Managing Hierarchical Data in MySQL (or really any database)

znbailey · on July 17, 2009

The author fails to mention another very common approach that does not suffer (as badly) from the nested set approach. This strategy is called "materialized path".

In the materialized path strategy, each node/row has its full path in the tree stored in a column and that path is "materialized" or "derived" from a depth-first traversal to that node. In conjunction with the adjacency list approach this could yield much better results in most situations than a nested set model.
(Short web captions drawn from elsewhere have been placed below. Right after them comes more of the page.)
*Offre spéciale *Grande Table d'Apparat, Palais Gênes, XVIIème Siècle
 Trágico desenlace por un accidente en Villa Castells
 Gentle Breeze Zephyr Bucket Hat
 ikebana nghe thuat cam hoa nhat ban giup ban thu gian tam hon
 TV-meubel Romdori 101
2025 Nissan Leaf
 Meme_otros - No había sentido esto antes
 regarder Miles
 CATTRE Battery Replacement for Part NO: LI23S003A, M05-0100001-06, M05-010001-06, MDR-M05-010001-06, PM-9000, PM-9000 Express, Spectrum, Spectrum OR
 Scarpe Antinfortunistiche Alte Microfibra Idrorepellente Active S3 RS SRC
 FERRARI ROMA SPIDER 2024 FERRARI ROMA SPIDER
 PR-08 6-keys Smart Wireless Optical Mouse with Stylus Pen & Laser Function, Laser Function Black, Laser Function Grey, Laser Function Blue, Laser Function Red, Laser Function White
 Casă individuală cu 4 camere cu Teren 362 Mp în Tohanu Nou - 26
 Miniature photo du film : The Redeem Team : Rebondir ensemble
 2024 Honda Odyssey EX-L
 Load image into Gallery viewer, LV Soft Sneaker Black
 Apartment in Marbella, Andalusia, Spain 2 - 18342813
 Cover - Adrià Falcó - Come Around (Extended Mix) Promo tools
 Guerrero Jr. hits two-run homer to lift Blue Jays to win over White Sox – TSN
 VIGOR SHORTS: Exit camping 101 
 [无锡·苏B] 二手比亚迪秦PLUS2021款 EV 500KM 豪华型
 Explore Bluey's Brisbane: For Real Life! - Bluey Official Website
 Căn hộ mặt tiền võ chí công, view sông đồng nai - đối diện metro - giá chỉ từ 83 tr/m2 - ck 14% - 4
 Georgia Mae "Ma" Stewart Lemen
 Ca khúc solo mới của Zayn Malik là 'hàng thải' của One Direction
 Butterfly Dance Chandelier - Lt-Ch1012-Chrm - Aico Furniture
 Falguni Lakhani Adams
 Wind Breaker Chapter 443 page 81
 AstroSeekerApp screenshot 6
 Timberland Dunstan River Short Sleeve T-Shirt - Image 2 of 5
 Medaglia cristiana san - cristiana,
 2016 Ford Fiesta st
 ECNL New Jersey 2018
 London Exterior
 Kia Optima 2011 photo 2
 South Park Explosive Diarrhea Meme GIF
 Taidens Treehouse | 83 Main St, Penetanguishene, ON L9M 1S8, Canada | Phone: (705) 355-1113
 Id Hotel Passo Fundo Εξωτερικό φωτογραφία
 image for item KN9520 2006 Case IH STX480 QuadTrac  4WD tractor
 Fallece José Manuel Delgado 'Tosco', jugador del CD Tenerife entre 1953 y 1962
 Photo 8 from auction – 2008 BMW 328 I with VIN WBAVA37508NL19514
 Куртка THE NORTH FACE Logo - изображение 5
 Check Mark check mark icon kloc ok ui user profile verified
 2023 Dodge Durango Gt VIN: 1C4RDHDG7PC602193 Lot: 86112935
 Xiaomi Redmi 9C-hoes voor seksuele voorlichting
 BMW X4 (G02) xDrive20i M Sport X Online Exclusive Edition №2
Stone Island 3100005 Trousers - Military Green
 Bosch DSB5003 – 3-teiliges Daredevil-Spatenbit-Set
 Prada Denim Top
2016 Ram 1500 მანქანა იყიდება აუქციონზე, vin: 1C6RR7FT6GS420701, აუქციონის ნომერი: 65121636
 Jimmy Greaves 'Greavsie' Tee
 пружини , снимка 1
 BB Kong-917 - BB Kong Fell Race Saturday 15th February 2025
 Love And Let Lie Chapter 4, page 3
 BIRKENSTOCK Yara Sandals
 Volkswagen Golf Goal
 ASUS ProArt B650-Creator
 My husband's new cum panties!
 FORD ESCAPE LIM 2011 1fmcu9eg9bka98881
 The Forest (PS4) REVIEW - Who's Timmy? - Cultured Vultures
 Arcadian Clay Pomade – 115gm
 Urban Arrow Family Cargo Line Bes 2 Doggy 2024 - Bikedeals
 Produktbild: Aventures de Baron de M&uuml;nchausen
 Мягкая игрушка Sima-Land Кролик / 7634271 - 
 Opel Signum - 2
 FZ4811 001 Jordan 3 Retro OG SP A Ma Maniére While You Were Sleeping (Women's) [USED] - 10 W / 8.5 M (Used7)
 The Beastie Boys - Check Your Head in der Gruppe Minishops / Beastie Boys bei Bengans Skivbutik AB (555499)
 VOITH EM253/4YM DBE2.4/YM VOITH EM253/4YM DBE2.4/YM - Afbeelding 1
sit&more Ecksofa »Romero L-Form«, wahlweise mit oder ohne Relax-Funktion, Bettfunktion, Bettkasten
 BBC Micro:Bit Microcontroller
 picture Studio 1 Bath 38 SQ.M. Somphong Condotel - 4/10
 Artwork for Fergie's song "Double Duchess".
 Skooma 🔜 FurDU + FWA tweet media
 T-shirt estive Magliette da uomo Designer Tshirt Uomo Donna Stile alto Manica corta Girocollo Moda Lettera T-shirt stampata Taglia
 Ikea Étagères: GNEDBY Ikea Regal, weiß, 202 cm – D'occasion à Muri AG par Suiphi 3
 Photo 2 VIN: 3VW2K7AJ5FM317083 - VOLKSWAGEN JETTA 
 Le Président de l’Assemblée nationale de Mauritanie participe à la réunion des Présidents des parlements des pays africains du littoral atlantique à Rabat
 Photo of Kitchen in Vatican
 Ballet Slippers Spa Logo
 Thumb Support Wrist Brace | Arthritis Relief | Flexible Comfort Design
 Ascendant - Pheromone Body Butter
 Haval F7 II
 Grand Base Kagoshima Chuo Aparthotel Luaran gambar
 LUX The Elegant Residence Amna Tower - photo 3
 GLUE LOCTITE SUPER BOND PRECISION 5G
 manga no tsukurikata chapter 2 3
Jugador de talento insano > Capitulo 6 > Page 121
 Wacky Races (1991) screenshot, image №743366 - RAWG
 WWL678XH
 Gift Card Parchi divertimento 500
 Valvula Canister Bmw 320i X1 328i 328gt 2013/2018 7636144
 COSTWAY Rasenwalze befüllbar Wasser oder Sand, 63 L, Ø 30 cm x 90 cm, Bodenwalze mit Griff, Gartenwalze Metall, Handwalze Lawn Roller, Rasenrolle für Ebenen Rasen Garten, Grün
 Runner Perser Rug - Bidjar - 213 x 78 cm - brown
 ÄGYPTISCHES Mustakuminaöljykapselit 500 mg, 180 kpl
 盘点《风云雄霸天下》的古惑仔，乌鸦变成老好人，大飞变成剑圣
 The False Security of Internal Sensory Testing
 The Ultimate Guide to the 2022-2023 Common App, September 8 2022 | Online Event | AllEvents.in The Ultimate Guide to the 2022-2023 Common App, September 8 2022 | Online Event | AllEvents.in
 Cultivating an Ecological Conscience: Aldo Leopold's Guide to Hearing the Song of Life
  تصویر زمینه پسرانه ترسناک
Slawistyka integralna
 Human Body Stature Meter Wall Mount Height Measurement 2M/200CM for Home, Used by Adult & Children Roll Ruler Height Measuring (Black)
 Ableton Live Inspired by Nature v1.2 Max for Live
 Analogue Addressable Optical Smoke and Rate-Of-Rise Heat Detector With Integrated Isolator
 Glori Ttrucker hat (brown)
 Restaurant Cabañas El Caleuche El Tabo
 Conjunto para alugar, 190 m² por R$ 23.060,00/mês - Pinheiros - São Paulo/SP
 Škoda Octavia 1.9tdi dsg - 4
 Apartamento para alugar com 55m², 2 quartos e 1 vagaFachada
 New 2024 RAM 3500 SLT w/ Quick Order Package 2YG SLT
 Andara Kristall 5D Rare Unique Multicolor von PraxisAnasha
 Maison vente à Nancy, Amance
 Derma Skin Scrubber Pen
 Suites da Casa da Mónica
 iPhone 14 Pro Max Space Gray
Taking the tree used in the article, the paths would look like (using '/' for path delimiter but you can use whatever you like):

  electronics
  electronics/televisions
  electronics/televisions/tube
  electronics/televisions/lcd
  electronics/televisions/plasma
  electronics/portable electronics
  electronics/portable electronics/mp3 players
  electronics/portable electronics/mp3 players/flash
  electronics/portable electronics/cd players
  electronics/portable electronics/2 way radios

Alternatively it would make more sense to base the materialized path off of an immutable field such as the PKey of the record (in the same order as the paths above, from the article):

  1
  1/2
  1/2/4
  1/2/5
  1/2/6
  1/3
  1/3/7
  1/3/7/10
  1/3/8
  1/3/9

This has the following advantages:

  * Node insertion/deletion overhead is low / does not require updating other nodes unlike nested set model
  * Query for subnodes is easy: "select * from tree where path like 'electronics/televisions'". To get only direct subnodes add a parent_id specifier.
  * Getting the full path for a node is easy: it's built into the node itself
  * Node depth is easy: count the number of path "segments"

Downsides:

  * Moving sub-tree requires updating all sub-node paths

Hope this helps someone!

Cheers, -Zach

NyxWulf · on July 17, 2009

Materialized path is a good tool for trees that won't be deeply nested, and for tables that won't grow particularly large. However, because the path is stored in a string, read operations are not particularly efficient. It's a good tool to know, but it doesn't scale as well as Nested Set to very large datasets. That being set, it's much less complicated to implement than Nested Sets and is more efficient than adjacency list for many types of data.

crux_ · on July 17, 2009

I'm not so sure about inefficiency; in particular, most databases that I've seen can use an index for string-prefix queries, which means its performance ought to remain acceptable even for large datasets. (Assumption: subtree queries are the ones you care about making fast.)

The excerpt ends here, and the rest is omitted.